Matrix multiplication performance

Recently, I was discussing the performance of matrix multiplication code with a former colleague. The code in question was taking rather a long time to multiply 2 reasonably sized matrices (1100×2300 and 2300×1100) together whereas an external maths library was somewhat quicker (think orders of magnitude) it led to wondering where the performance differences came from.

Quick Refresher

The multiplication of two matrices, m1 and m2, (Wikipedia) involves multiplying large numbers of numbers together. Each cell in the output matrix is the result of the multiplication of a row from m1 against a column from m2.

This multiplication work is inherently embarrassingly parallel (Wikipedia). However, for the purposes of this post, single threaded performance is being focused on.

Suggested Approaches

In order to generate the output matrix, multiple approaches can be used, including:

Generating each cell in the output matrix sequentially, i.e. multiplying a single row from m1 against a single column from m2, storing the result in the output and then moving to the next cell
Process each row from m1, subsequently looping through all columns in m2 for the appropriate row. The output matrix only containing valid entries on the final loop through

Each of these algorithms can also be made to work with SIMD intrinsics (Wikipedia).

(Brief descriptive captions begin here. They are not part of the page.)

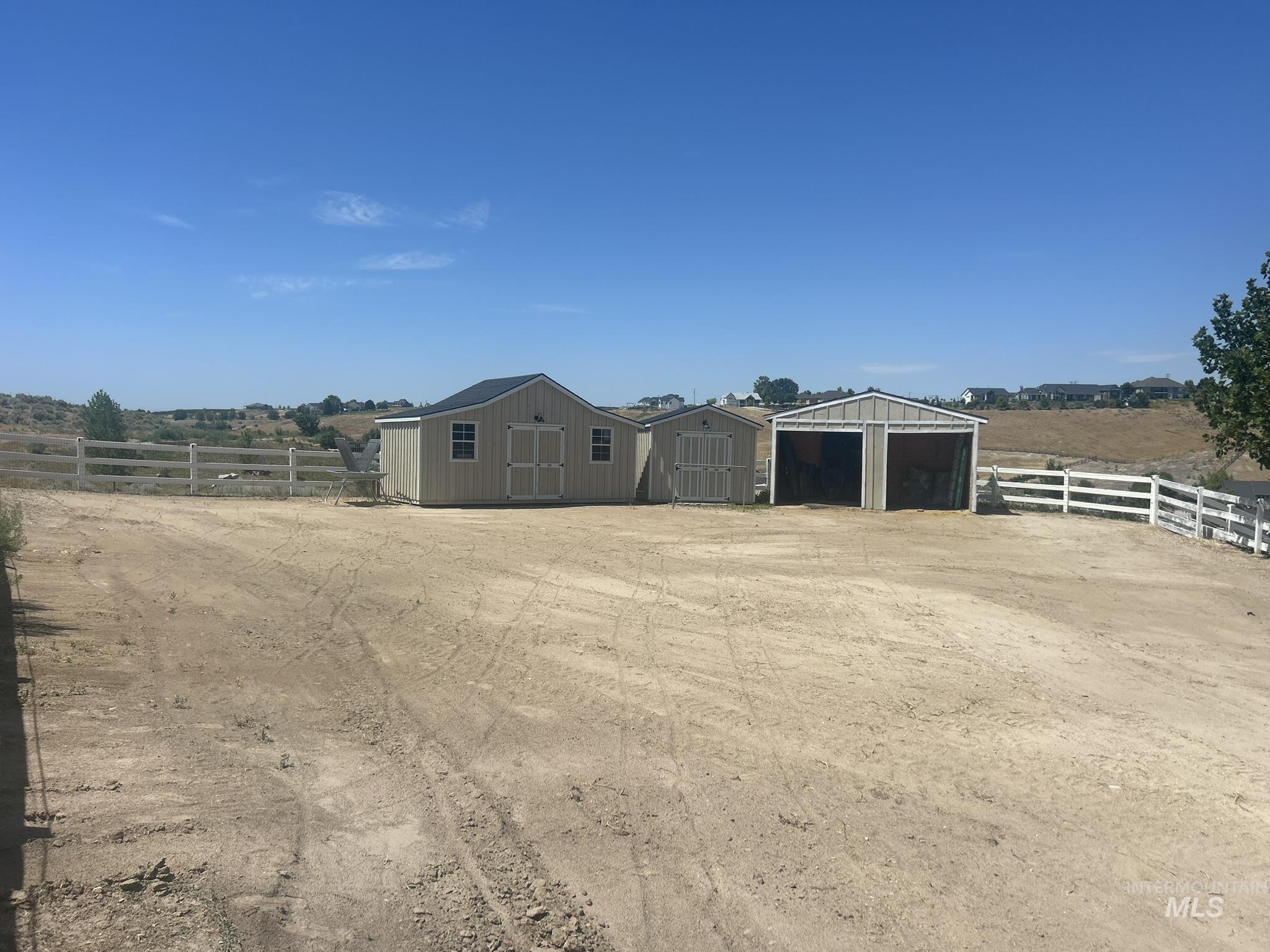 View of yard with a detached garage, an outdoor structure, and a view of countryside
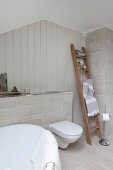 Pale grey tiles on floor and false wall in bathroom with towels on ladder next to toilet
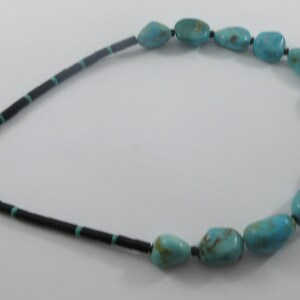 May include: A turquoise and black beaded necklace with a silver clasp. The necklace features large, irregular turquoise stones.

Note that all the source code for these can be found at the GitHub link below.

Performance Figures

All timings were generated using an Intel i7-8700k @ 3.7GHz with DDR4 RAM @ 2400MHz. The input matrices were 1100×2300 and 2300×1100. This leads to ~2.78 billion multiplications (and associated additions) to be performed.

The timings for the algorithms were:

Algo #1 – 21.535s (0.13GFLOP/s)
Algo #2 – 1.009s (2.76GFLOP/s)

As we can see, the choice of algorithm makes a huge difference to the performance achieved. The scale factors at play here depend heavily upon the size of the input matrices. My assumption is that this is down to cache locality, but further analysis would be needed.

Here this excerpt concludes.